Adapun kebutuhan uang tidak seperti pada lazimnya diberikan harian melainkan mingguan, jumlah belanja selama tujuh hari. Jika misalnya belanja tiap hari dua sen kepada anak-anak diberikan sekaligus empat belas sen. Agar latihan mengelola keuangan.
Sebelum menghuni kamar khusus yang telah disedikan, berikanlah bekal pengetahuan dan pengertian yang cukup, bahwa dia berkuasa di kamarnya, jadi dia sendiri yang memikul kewajiban terhadap pentingnya kamar tadi.
Orang tua juga perlu menyediakan sapu dan alat kebersihan lainnya. Maka si tuan rumah atau penghuni kamar sudah memiliki kewajiban membersihkan kamarnya atau rumahnya itu. Terserah kepadanya, apakah dia suka menyapu atau tidak?.
Jika tidak suka akibat kotorannya kamar atau rumahnya tersebut tentu dia sendiri yang menanggungnya. Untuk membersihkan lampu, bantal dan kasur, untuk apa saja yang menjadi keperluan rumah itu, si tuan rumah kecil itu yang harus mengeluarkan tenaga dan kekuatannya. Ini saran dari Kiai Wahid.
Pun juga dengan uang untuk belanja selama seminggu, si tuan rumah kecil tadi mempunyai hak akan dibelikan makanan sekaligus sampai habis uang itu, dia berhak penuh. Akan ditabungnya, dia berhak.
Cuma apabila dia membelanjakan uang itu sekaligus, kemudian dia meminta kepada orangtuanya sudah tentu tidak akan diberi, meskipun dengan bagaimana ia meminta kepada orangtuanya, misalnya dengan menangis-nangis. Pendidikan kemandirian anak model ini diterapkan dikeluarga Kiai Wahid Hasyim.
Menurut konsep pendidikan ini, bahwa apabila seorang ayah yang ingin masuk kamar, ‘rumah anak’ terlebih dahulu mengetuk pintu sebagai permintaan izin. Adakalanya si anak sedang belajar maka ketika mendengar ketukan pintu itu lalu menjawab, tidak ada waktu untuk menerima tuan, maaf.

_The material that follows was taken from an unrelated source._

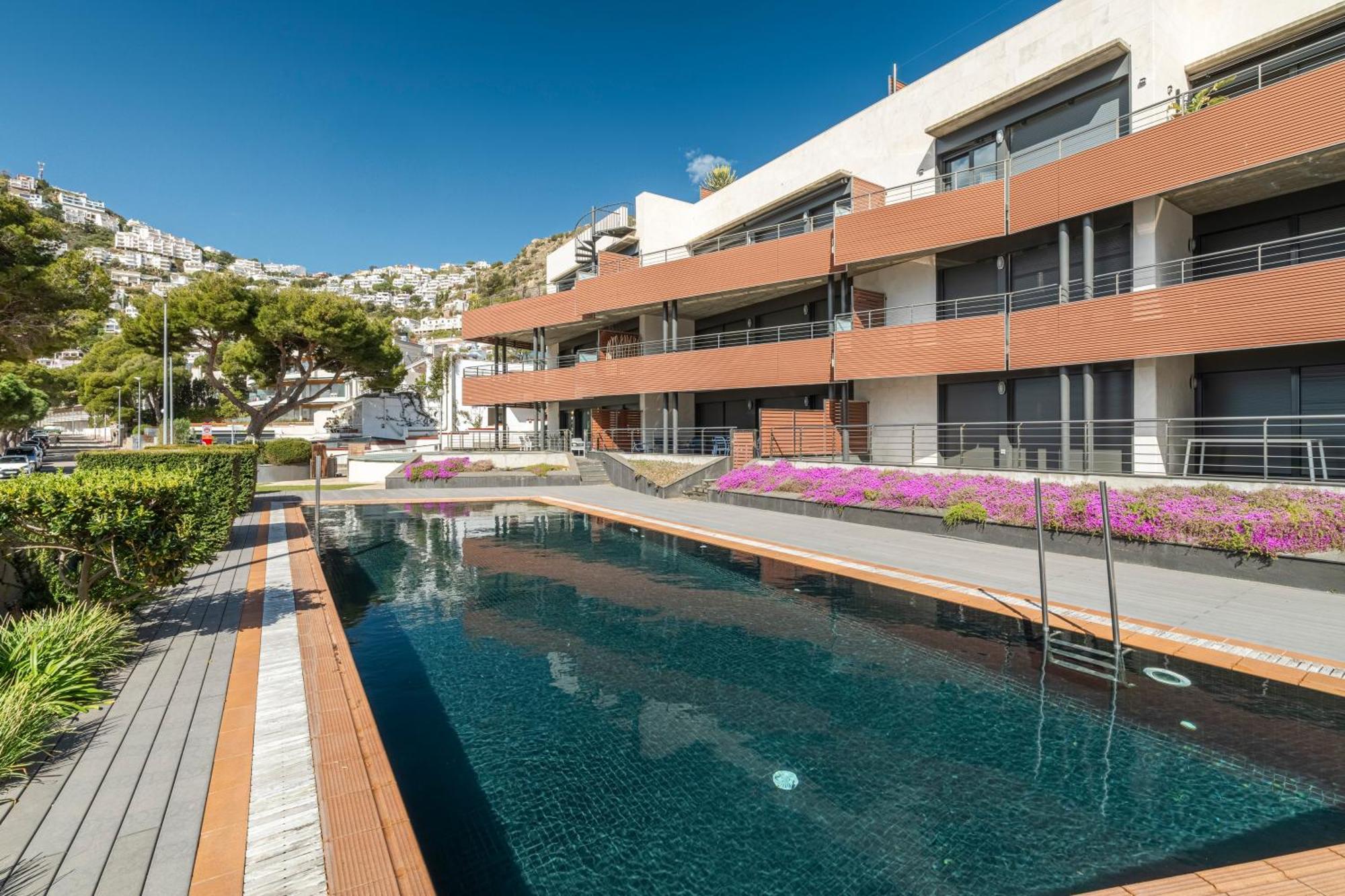 Apartamento Con Gran Terraza Delante Del Mar Roses Extérieur photo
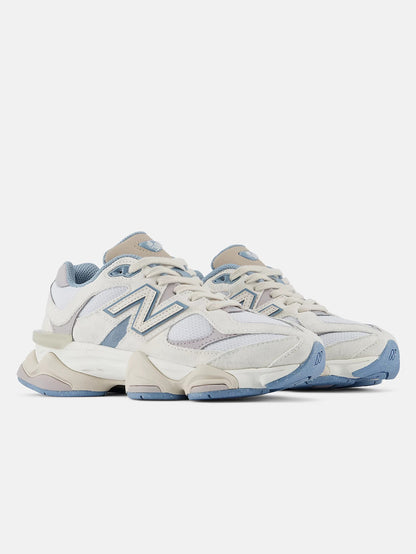 9060 - White/Light blue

Dalam hal ini, seorang ayah tidak boleh lantas marah-marah dan mengumpat-umpat, akan tetapi harus terus kembali dengan tenang. Sebaliknya bagi anak jika ingin masuk ke kamar orang tuanya juga harus minta izin. Apabila tidak diterima, si anak juga tidak boleh berkecil hati.
Di kamarnya, seorang anak boleh belajar, istirahat, dan bermain bola sekalipun, tapi jika sampai akibat main bola yang berlebihan hingga memecahkan lampu maka ia harus menerima dampak akibatnya, kamar jadi gelap tanpa penerang.

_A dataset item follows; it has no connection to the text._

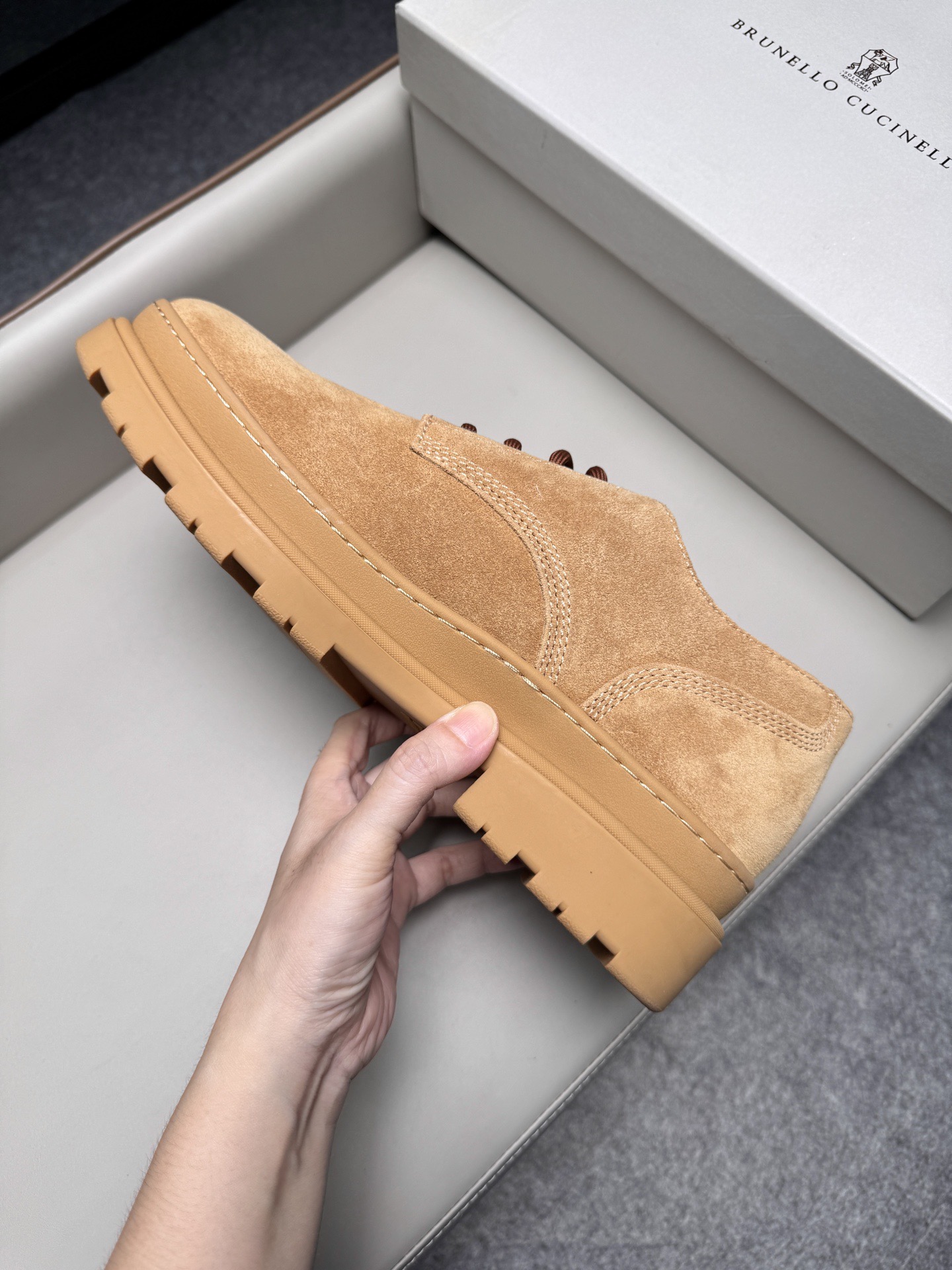 Туфли мужские в стиле Brunello Cucinelli бежевого цвета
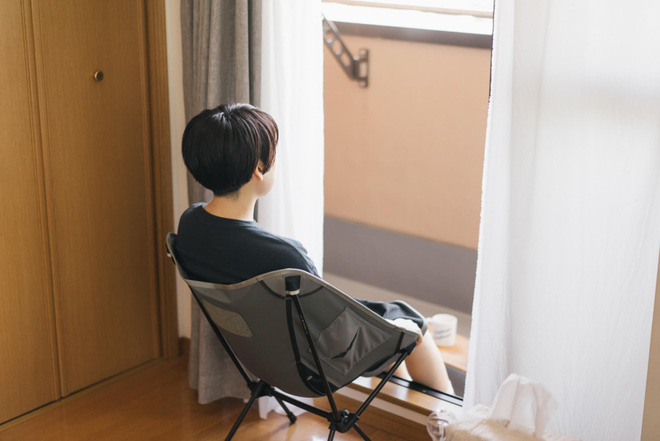 Hai chị em gái sống thoải mái trong căn hộ nhỏ xíu 25m² nhờ áp dụng nghệ thuật sắp xếp này - Ảnh 10.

Dari sini jelas, bahwa tidak semua orang Inggirs itu kaya raya, tapi rumahnya memiliki banyak kamar sehingga tiap anak setelah dewasa dapat jatah satu-satu. Bagi keluarga di Inggris yang kurang mampu maka ia akan berusaha menyekat dinding menjadi kamar.
Buah pendidikan yang di usahakan demikian adalah bahwa si anak akan terdidik dengan cara itu, kira-kira berumur sepuluh tahun sudah dapat mempraktikan mengurus rumah tangga kecil dengan persoalan yang berhubungan dengan rumah tangga.

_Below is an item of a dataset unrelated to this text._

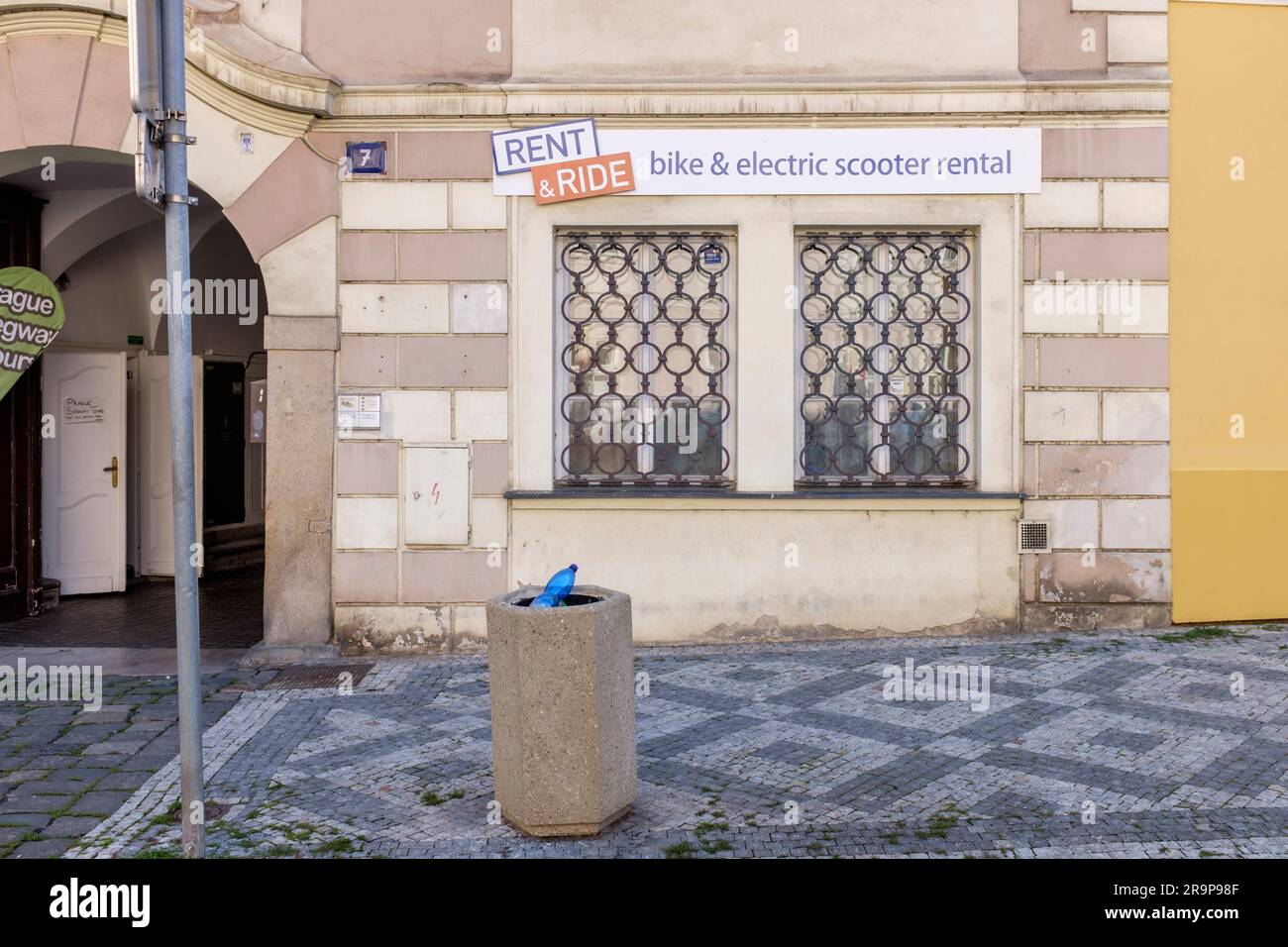 Ein Fahrradverleih in Prag für Touristen Stockfoto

Kelak di kemudian hari pendidikan kemandirian anak ini akan terlihat, apabila anak tersebut sudah berumah tangga, tidak lagi menjadi beban dan tanggungan orangtua. Adapun buah yang berupa pendidikan akhlak dan budi pakerti, anak tadi menjadi terlatih menyelesaikan urusannya sendiri, tidak bergantung kepada orang tuanya.
Sekalipun beragam kesulitan menghampiri dan beban kesukaran betapa hebatnya seorang anak yang sudah didik sedemikian rupa akan mampu menghadapinya dengan baik.
Kini, di tengah kehidupan yang serba pelik, penting bagi para santri untuk menyiapkan bekal (pengetahuan dan pengalaman) dan mau meneladani para kiai pesantren dalam mendidik putra-putrinya.
Situasi dan kondisi kehidupan sudah banyak berubah, jangan sampai salah mendidik anak. Anak merupakan penerus perjuangan orangtua. Kisah di atas dapat kita telusuri dari buku Sejarah Hidup KH Abdul Wahid Hasyim karya Abubakar Atjeh.